Attacks by Islamist insurgents Boko Haram in northeast Nigeria and the islands of Lake Chad have forced tens of thousands across the border to Niger's arid southeastern region of Diffa, worsening a dire humanitarian situation.
An estimated 150,000 people have fled to Diffa in the past two years, according to aid agencies, increasing by one-third the population of the remote region that is largely dependent on aid and suffers from perennial food shortages.
In recent weeks, Boko Haram insurgents have stepped up suicide attacks and raids on villages in Nigeria and surrounding countries in reprisal for an offensive by regional governments against them this year.
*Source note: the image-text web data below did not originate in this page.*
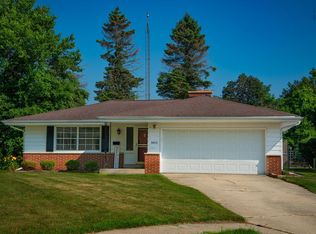 8033 18th Ave, Kenosha, WI 53143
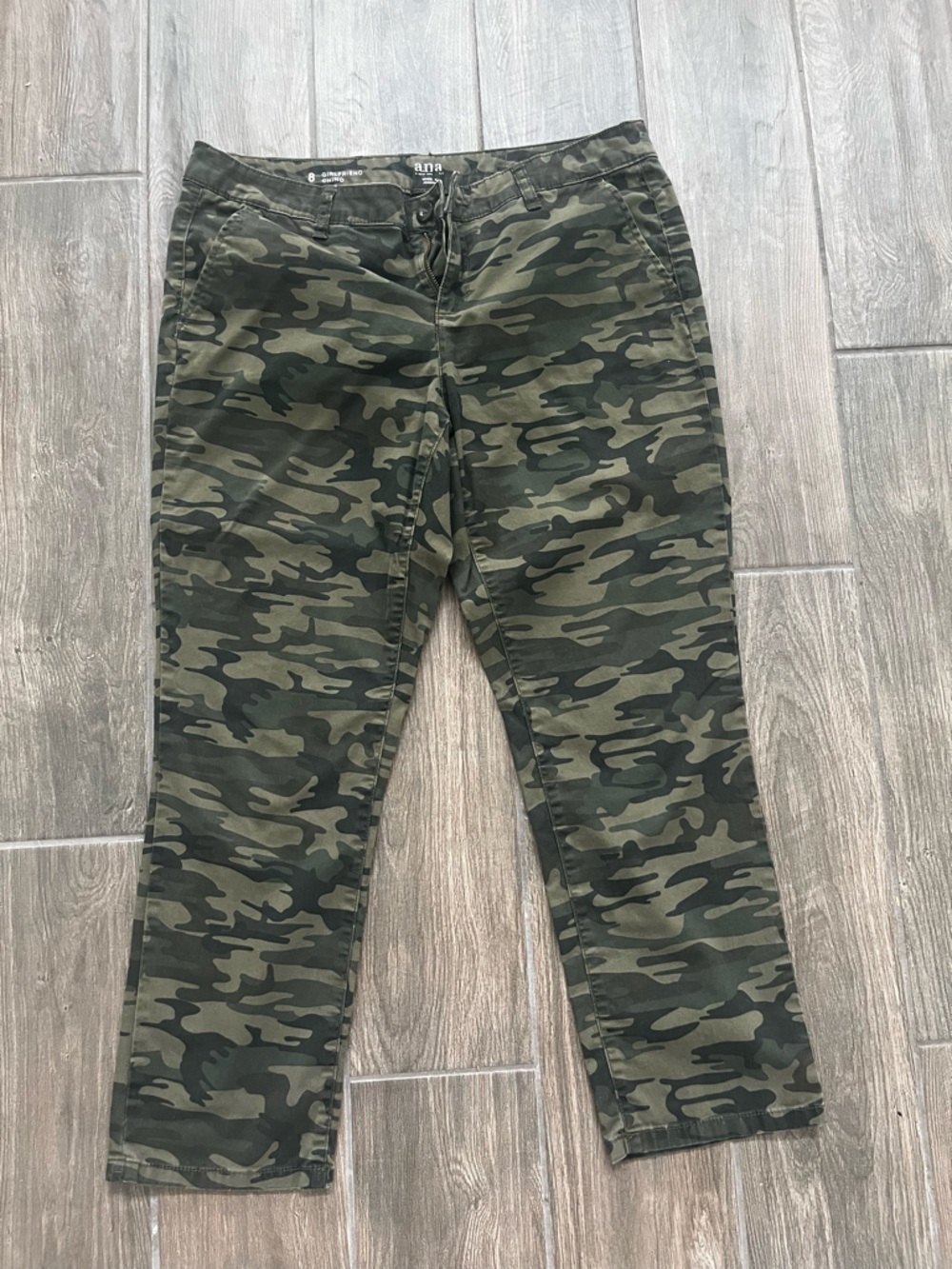a.n.a Women's Camo Pants in Olive & Dark Green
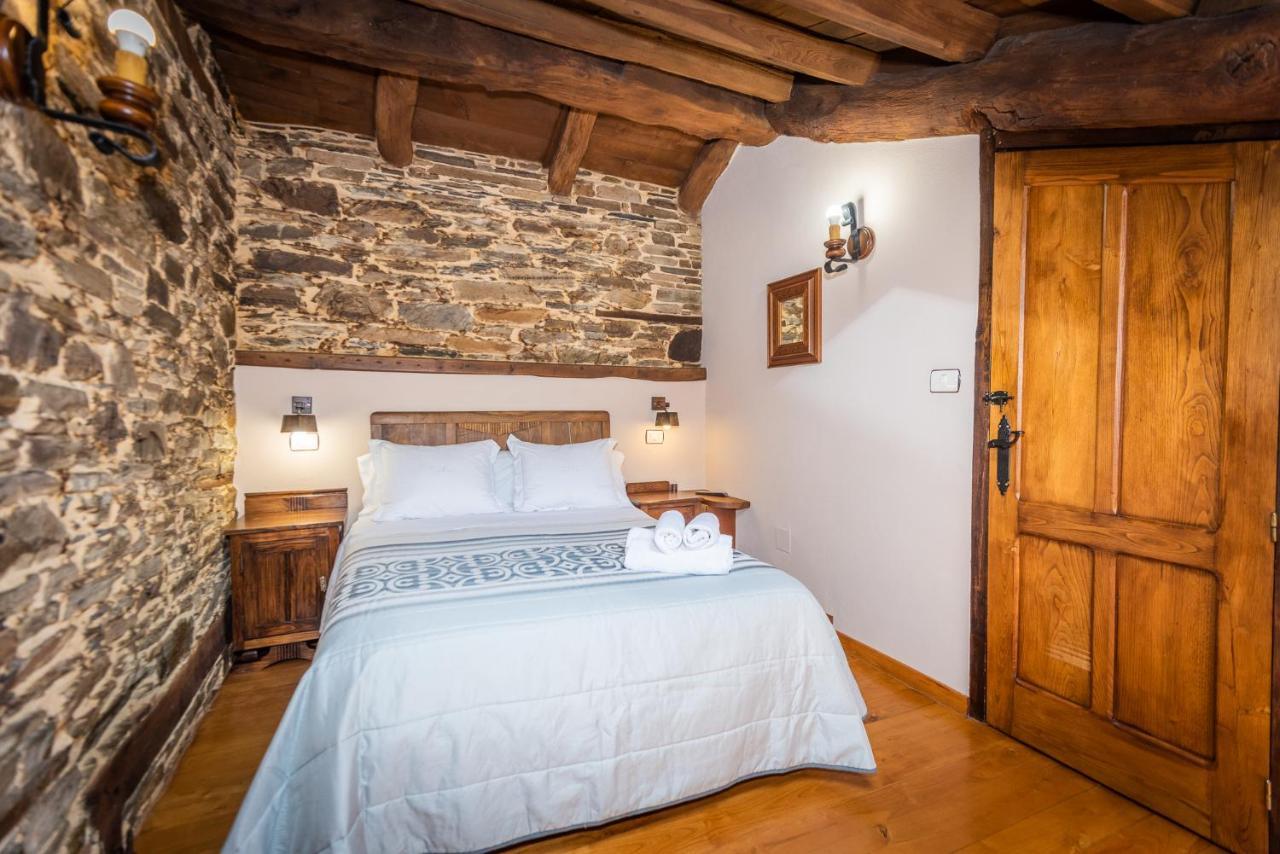 Apartamentos Rurales Casa Riveras Santa Eulalia de Oscos Luaran gambar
The flood of refugees comes as a state of emergency declared by Niger to tackle the insurgency has brought Diffa's economy to a standstill, stiffling revenues from fishing and the trade in peppers, and leaving the population vulnerable.
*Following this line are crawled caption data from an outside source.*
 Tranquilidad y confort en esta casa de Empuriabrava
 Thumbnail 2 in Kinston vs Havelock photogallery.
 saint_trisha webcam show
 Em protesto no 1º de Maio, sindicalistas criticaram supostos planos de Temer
"We fled all night. I was very scared and I'm still scared. We left everything behind," said Lagari Fogo, a Nigerian refugee at a camp in Gagamari, who said Boko Haram had attacked his village 11 days earlier.
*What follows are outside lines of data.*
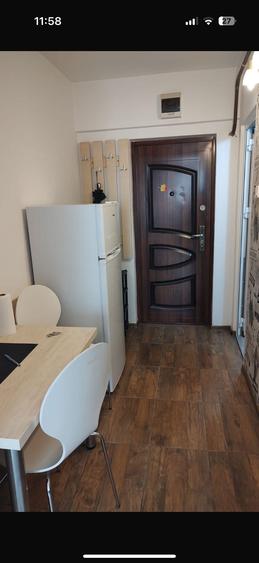 Inchiriez garsoniera - 3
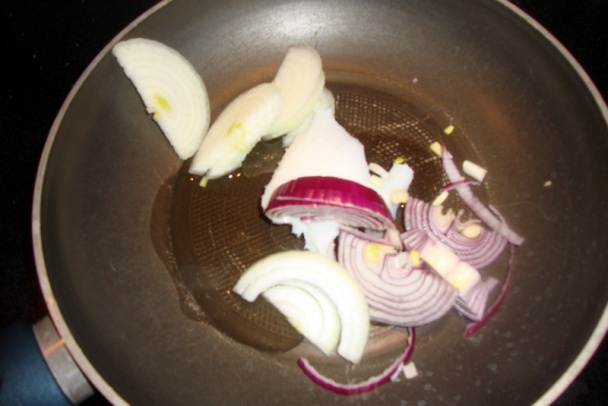 Pečený ružičkový kel so šunkou a jadrovníkmi (fotorecept) - obrázok 4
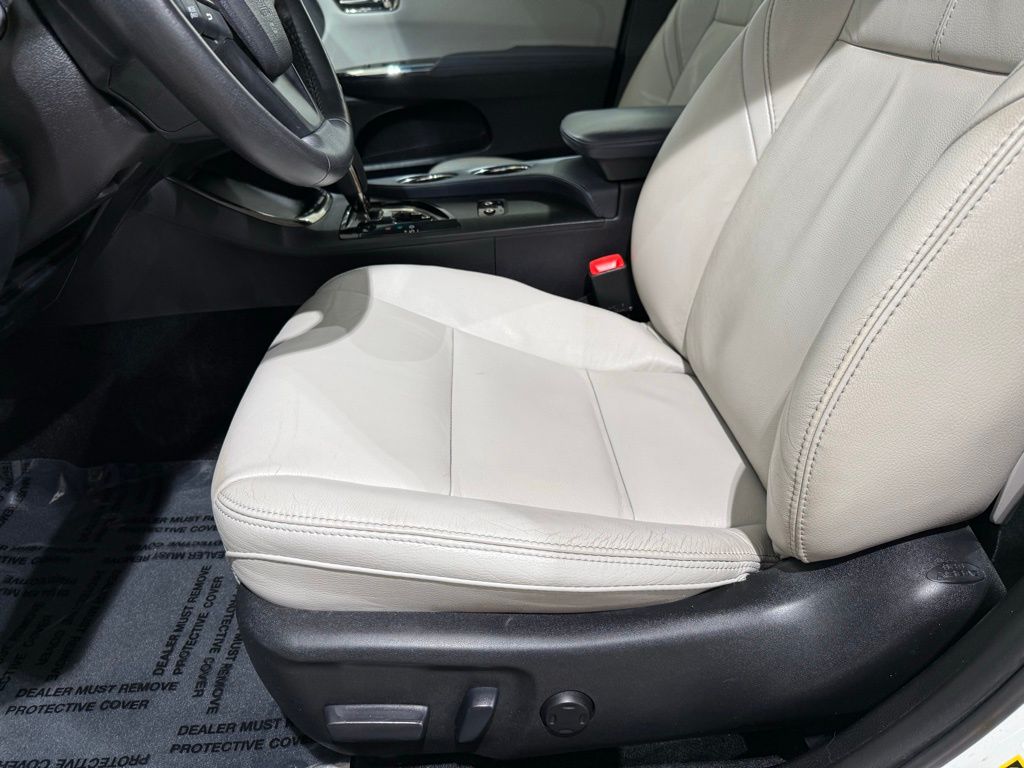 Thumbnail: 2014 Toyota Avalon - 13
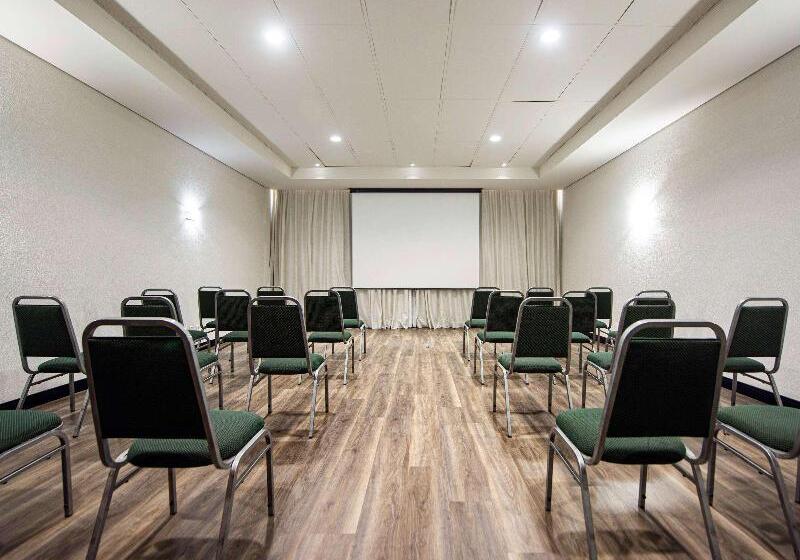 ホテル Ibis Betim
In the makeshift camps, some people drape plastic sheeting over thorny bushes to shelter from the relentless glare of the sun. Their meager belongings, often no more than a few blankets and some pots and pans, are gathered around them.
"We are suffering. We are suffering and it is not over," said Adam Abdoulaye, 35, a father of seven, as he collected a food package from the World Food Program (WFP).
Abdoulaye said commercial activity in the town of Diffa, the regional capital, had been curtailed by the state of emergency and persistent Boko Haram attacks.
"The food situation in Diffa has always been that of chronic shortage," said Michel Hulais, the WFP head in Diffa. "But since the start of recent events that have affected security, this situation has increasingly deteriorated."
Three days to flee
Bamgoye de Dala said he had just three days to pack a few belongings and flee the Lake Chad village of Lelewa with his six children after Niger's government ordered them to leave. He said he had to abandon his animals and all other belongings they could not carry on the 20-kilometer (12-mile) trek.
"Because of Boko Haram, the government asked us to leave. They told us they were at war with them and so we had to abandon the island," the 50-year old father said.
Niger has said that it asked inhabitants to evacuate the islands for their own safety and that it has worked with humanitarian agencies to ensure access to aid.
By the start of this year, Boko Haram's six-year-old campaign to carve an Islamic emirate from northeastern Nigeria had claimed an area the size of Switzerland, killing thousands of people.
A regional offensive by Nigeria, Niger, Chad and Cameroon drove back Boko Haram fighters. In recent weeks, however, the group has killed hundreds of people in attacks, allowing them to retake some towns that were seized, including Damasak, a few kilometers outside Diffa.
Diffa Governor Yacouba Soumana Gao said, however, that Niger's security forces had felt an improvement in cooperation since the election of Nigerian President Muhammadu Buhari in March. He said authorities were easing a restriction on trade in peppers to help the local economy.
"They [Boko Haram] know their days are numbered, and that's why they are in the process of conducting suicide-bombing operations," he said.